Skip site navigation (1)Skip section navigation (2)
Date:      Thu, 15 Apr 1999 08:43:09 -0500
From:      "Richard Seaman, Jr." <dick@tar.com>
To:        hackers@freebsd.org
Cc:        bde@freebsd.org
Subject:   Posix sched-*() functions and other scheduling issues
Message-ID:  <19990415084309.B442@tar.com>

next in thread | raw e-mail | index | archive | help
Sometime around the beginning of the year, Peter Dufault did quite
a bit of work revamping the posix priority code (sched_*() functions)
as well as fixing other problems in the scheduling code.  The results
are posted at

 ftp://ftp.freebsd.org/pub/FreeBSD/development/misc/PATCHES.sched

In a recent posting to the -hackers mailing list, he indicated he
would not commit the patches any time soon in part because he 
lacked the time to support them, and in part due to objections
from a core team member that the proposed changes were too
invasive.  In a followup posting He also suggested that someone
might want to rework them into a smaller set of patches.

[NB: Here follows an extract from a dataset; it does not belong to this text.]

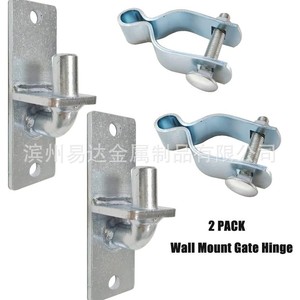 Bisagras de Puerta de Montaje en Pared Eda, Hierro Galvanizado, 2 Orificios, Montaje Superficial, Antioxidante, Bisagra Industrial para Muebles - Product Image 5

I have believed that these patches solve a number of problems,
and have extracted (and very slightly modified) a portion of
his patches to address the problems noted below.  These modified
patches are available at

 http://lt.tar.com/sched.diff

I hope that some people will test them, and that if they test
well, that someone will commit them.  I will submit a PR with
the patches if I receive reports that they work ok (they
do here).

(1) donice() in kern_resource.c
-------------------------------
After the nice value is adjusted, maybe_resched() is called
indirectly via resetpriority().  However, the value of p_priority
does not get updated until after the call, so that maybe_resched()
does its test based on the old p_priority value.  The result is
that if rescheduling is warranted (ie. want_resched should be
set), it doesn't happen.

Also, if the process is on a run queue, it is not put on a new
run queue, if warranted by the priority change.  As result the
process will continue to be scheduled based on its old priority
until is actually selected to run.


(2) rtprio() in kern_resource.c
-------------------------------
If the priority of a process is adjusted by rtprio(), there is no
check made to see if want_resched should be set due to the 
change (maybe_resched() is never called).  In addition, if
the process is on a runqueue, its position on the runqueue will
not reflect its new priority and it will be scheduled based on
its old priority until it is selected to run.

In addition, it would be nice to use rtprio() to adjust real and
idle time priorities in the posix sched_*() functions.  However,
the only interface to rtprio() is for the rtprio() syscall, which
does copyin/copyout of paramters.  It would be helpful to
split this function, creating a "dortprio" function, analagous
to donice(), that can be called internally in the kernel.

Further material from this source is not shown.